Yesterday Swinburne University of Technology received a $135 million industrial digitalisation software grant from Siemens Australia to fully digitalise what is believed to be Australia’s first Industry 4.0 ‘Factory of the Future’ facility in Hawthorn, Victoria.
The largest ever software grant in Australia will help develop the workforce of the future across the entire work lifecycle from apprenticeships to PhDs. Chairman and CEO of Siemens Australia Jeff Connolly said the country’s future relies on companies working with key educational and research institutions to get our workforce ready for the fourth industrial revolution.
“The world is changing rapidly through technology and Australia needs to equip our future generations and our existing workforce with the necessary capabilities and tools to make things faster, cheaper and better – ultimately this is about jobs and competition.”

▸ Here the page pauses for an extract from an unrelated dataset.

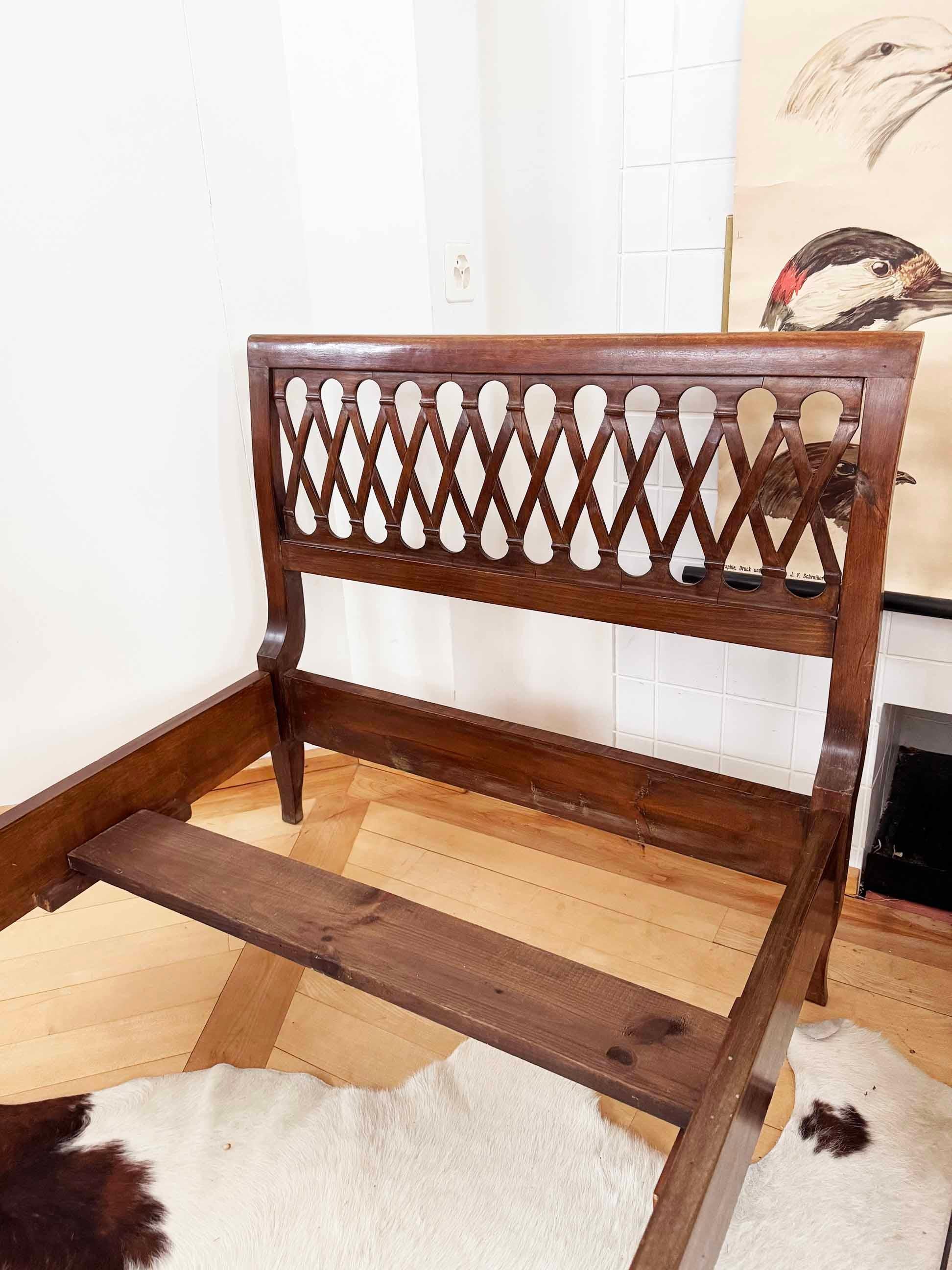 Mid-Century Modern Pair of Italian 2 Twin / 1 King Bed frames in Walnut With Stunning Carved Detail For Sale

The software grant provides a suite of advanced PLM (product lifecycle management) software and the new generation cloud-based Internet of Things (IoT) platform ‘Mindsphere’, which will allow students and researchers to have access to the same apparatus being used by leading industries on the most advanced projects.
“These are the same tools used to create digital shipyards for the US Navy,” said Connolly, also chairman of the Prime Minister's Industry 4.0 Taskforce.
Connolly explained that creating a digital twin, not only of the product but of the entire manufacturing process, would do away with the need for costly and time consuming physical prototypes.
“Everything from the assembly line to tooling, ergonomics and resources can be fully simulated digitally.”
The grant also includes a co-contribution by Swinburne for initialisation and ongoing interaction with and global support by Siemens expert software engineers.
According to Professor Aleksandar Subic, deputy vice-chancellor (Research and Development) and chair of Industry 4.0 Testlabs on the PM's Taskforce, digitalisation of manufacturing is critical to help Australian industry transition to the future.
“We’re immersed in the fourth industrial revolution and we want to make sure that students and researchers are equipped with the required advanced capabilities and technologies to help Australia access global value chains. The international competition will be fierce in the Manufacturing domain, which is why this development is so timely and critical.”
Subic said the facility will set an Industry 4.0 benchmark and provide an environment for workforce transformation that is in line with the most advanced economies in the world.